**WHAT YOU NEED TO DO**. Starting at the line holding "sortie dans les bois" and finishing at the line holding "Cover for Larry", transcribe the material exactly, keeping both ends but no pictures.

RECORDS FOR THE EXERCISE START

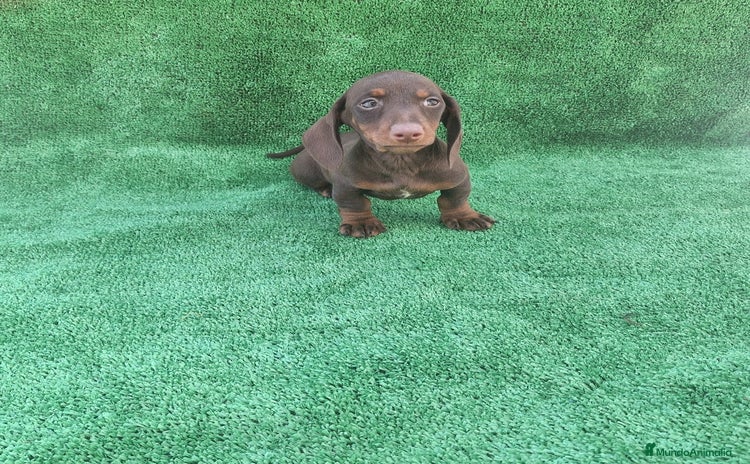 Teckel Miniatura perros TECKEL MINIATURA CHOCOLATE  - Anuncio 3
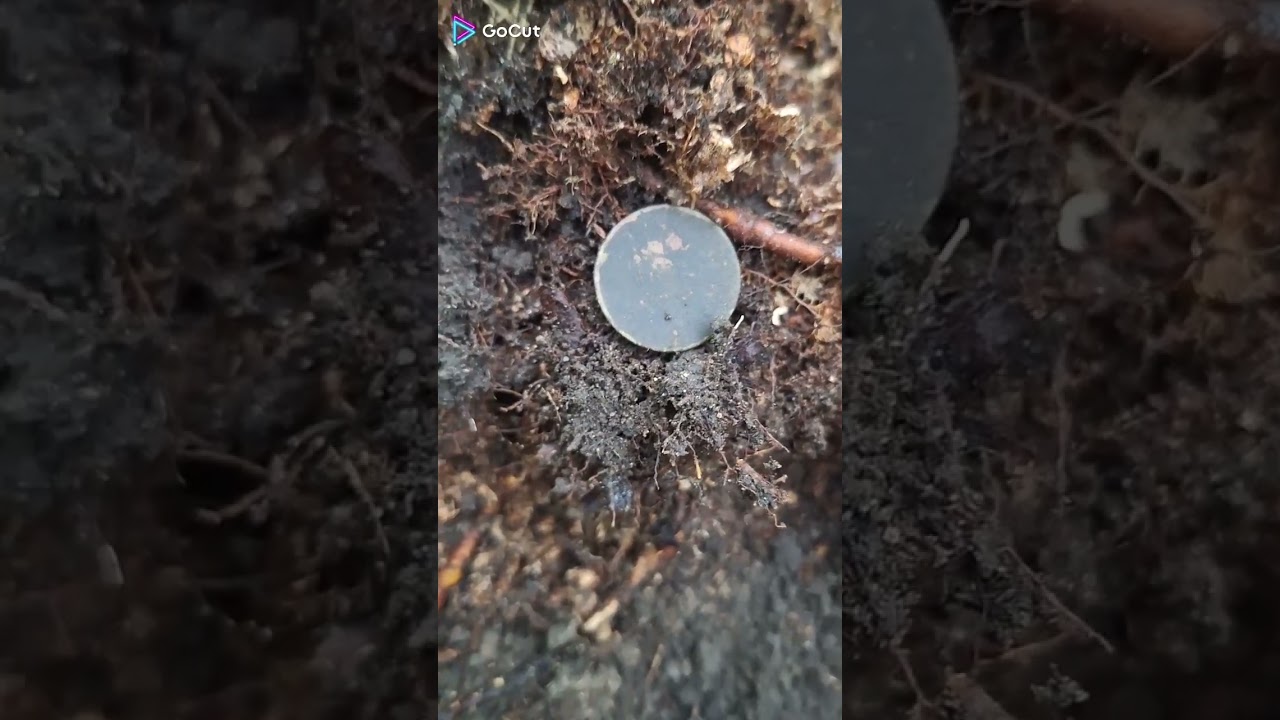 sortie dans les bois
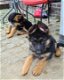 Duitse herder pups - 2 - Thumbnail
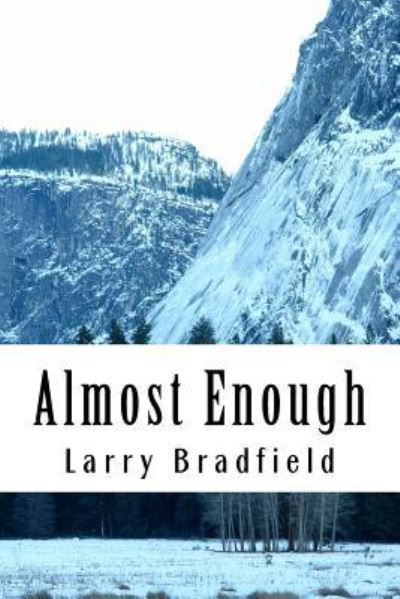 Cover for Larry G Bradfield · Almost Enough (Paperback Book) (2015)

RECORDS FOR THE EXERCISE END
RECORDS FOR THE EXERCISE START

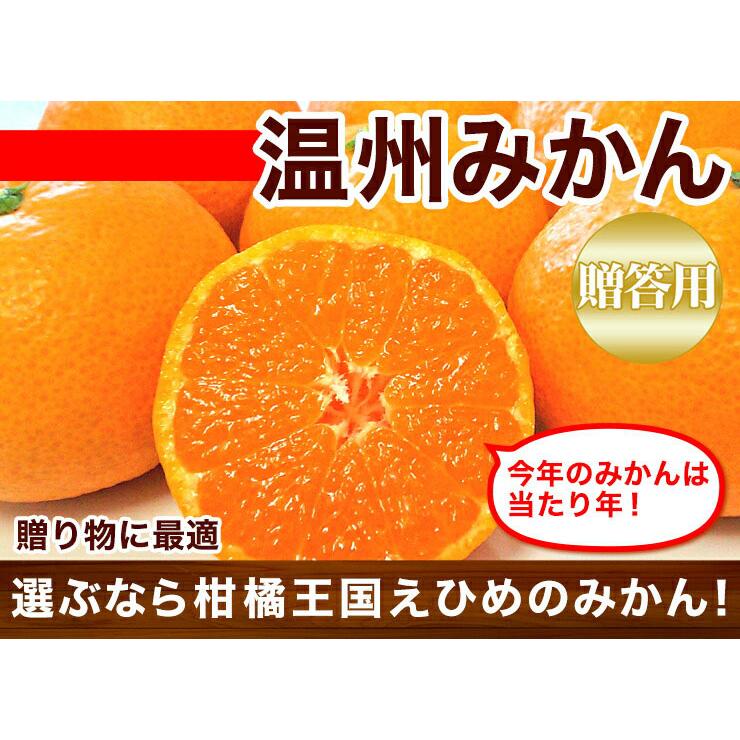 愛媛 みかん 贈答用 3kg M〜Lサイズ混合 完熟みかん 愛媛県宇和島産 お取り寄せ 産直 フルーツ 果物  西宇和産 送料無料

RECORDS FOR THE EXERCISE END

**RESPONSE TO THE TASK**.
 sortie dans les bois
 Duitse herder pups - 2 - Thumbnail
 Cover for Larry G Bradfield · Almost Enough (Paperback Book) (2015)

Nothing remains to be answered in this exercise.